__Records from a data source__:
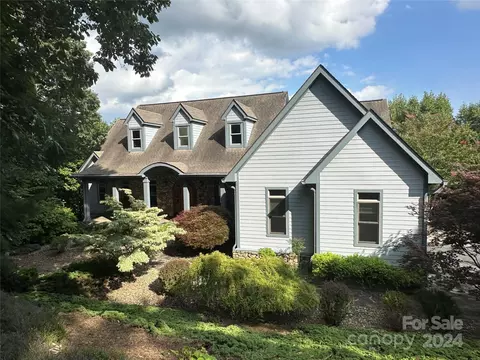 214 Crestview Dr, Black Mountain, NC 28711
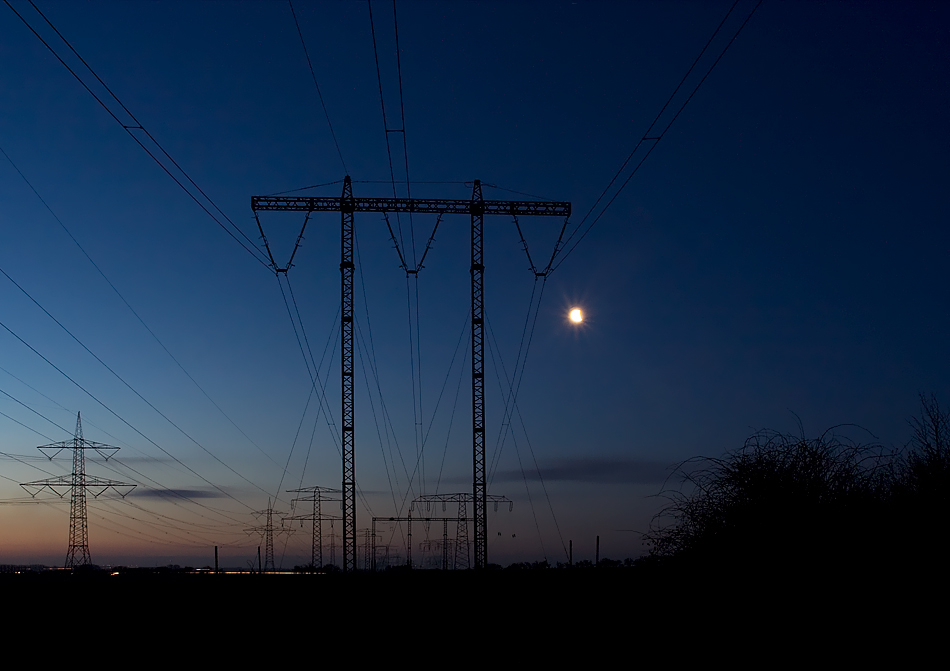 Behelfsstrom im Morgengrauen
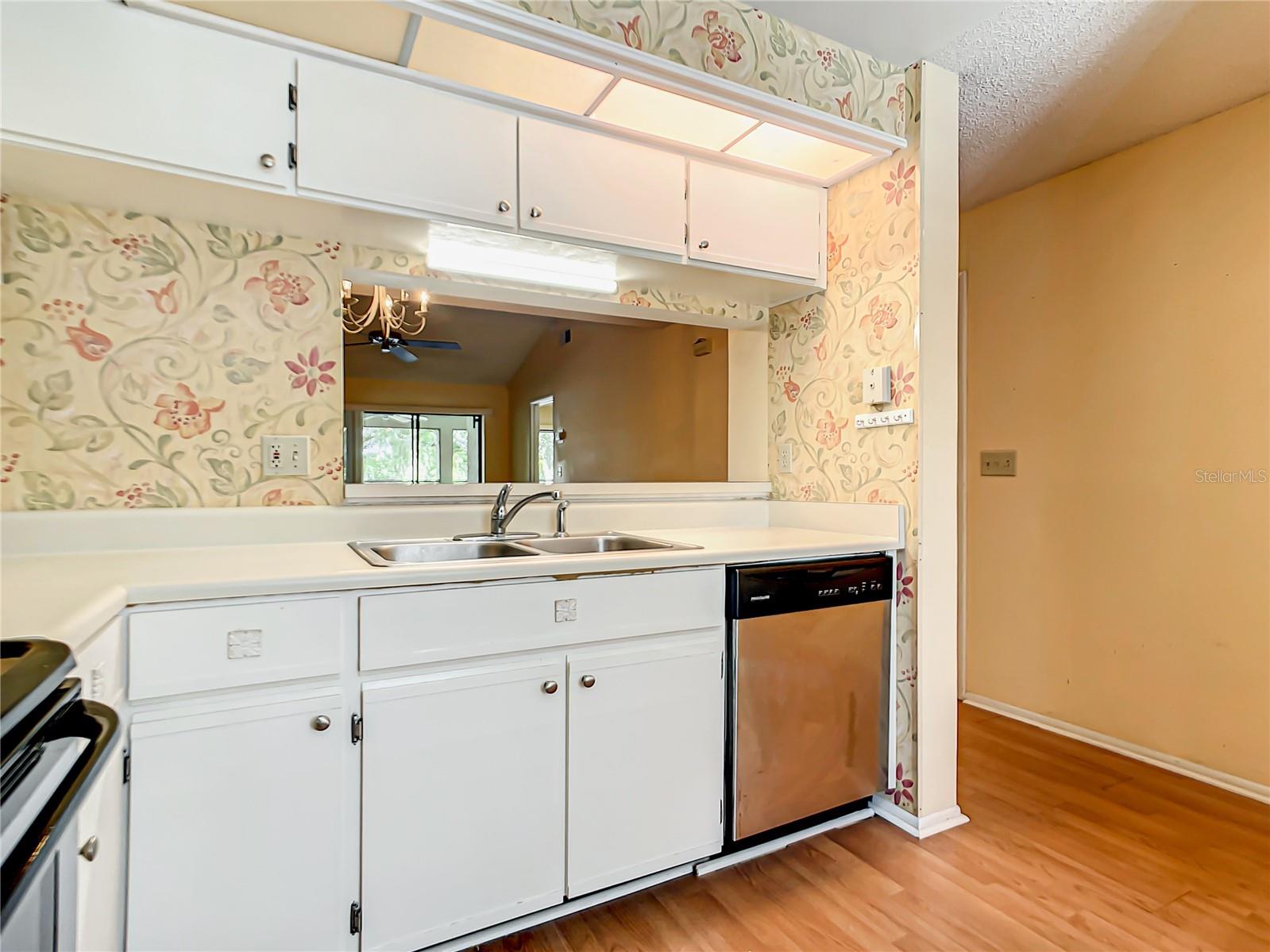 25310 NORTHLAKE DR #310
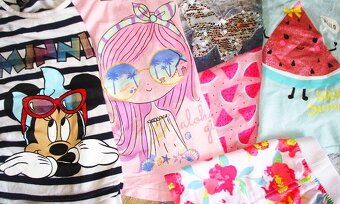 Dívčí oblečení, vel. 98/104 + zubař - 2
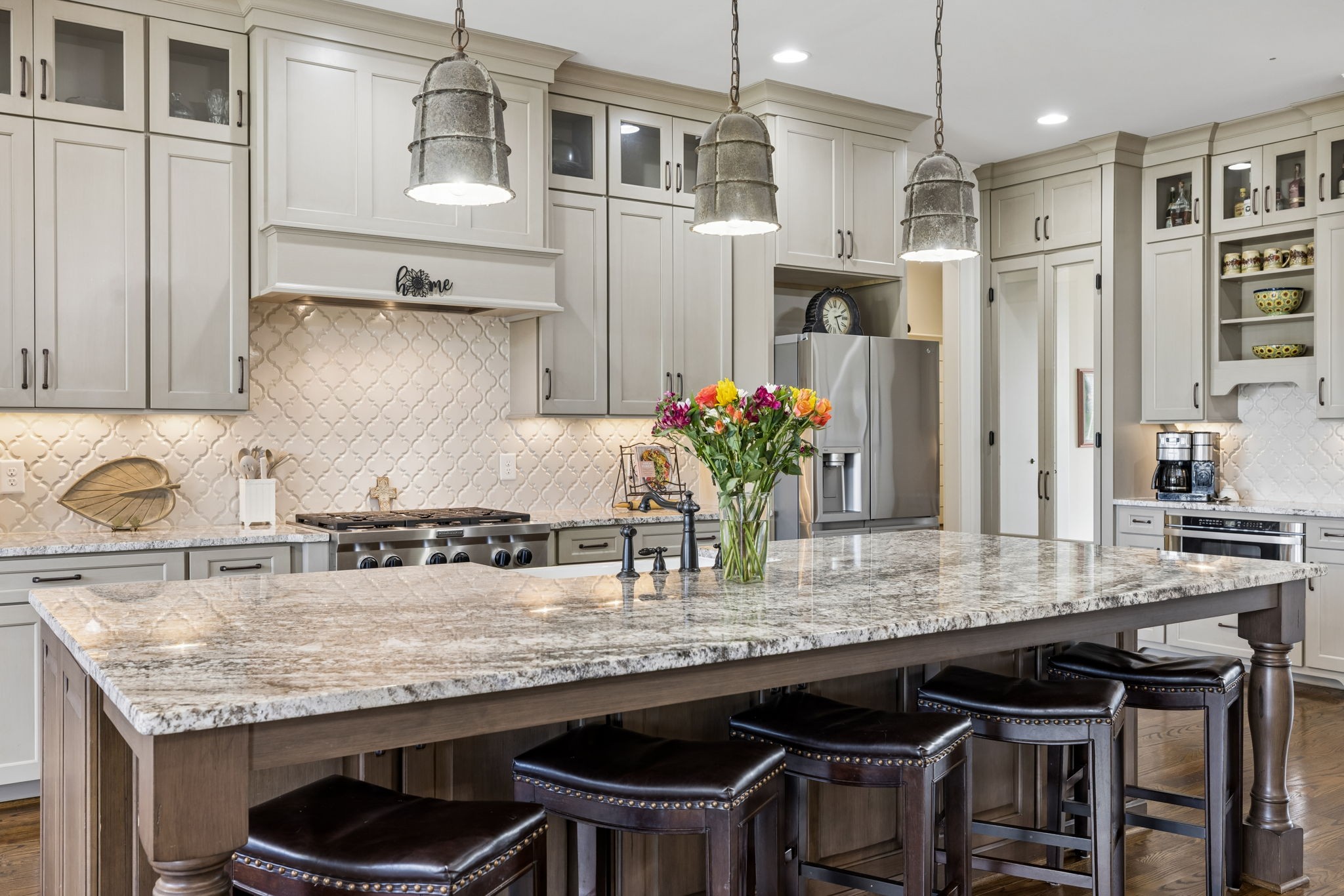 6033 Native Pony Trl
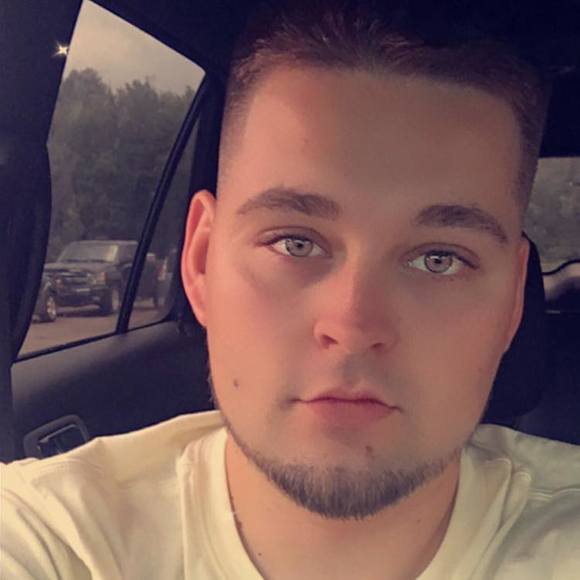 Profile Picture of Zachary Marshall (@zacharymarsh617) on Poshmark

__Work order__: Return exactly the line containing "25310 NORTHLAKE DR #310" and every line after it, up to and including the final line of the entries above. Pictures stay out.

__Solution to this problem__:
 25310 NORTHLAKE DR #310
 Dívčí oblečení, vel. 98/104 + zubař - 2
 6033 Native Pony Trl
 Profile Picture of Zachary Marshall (@zacharymarsh617) on Poshmark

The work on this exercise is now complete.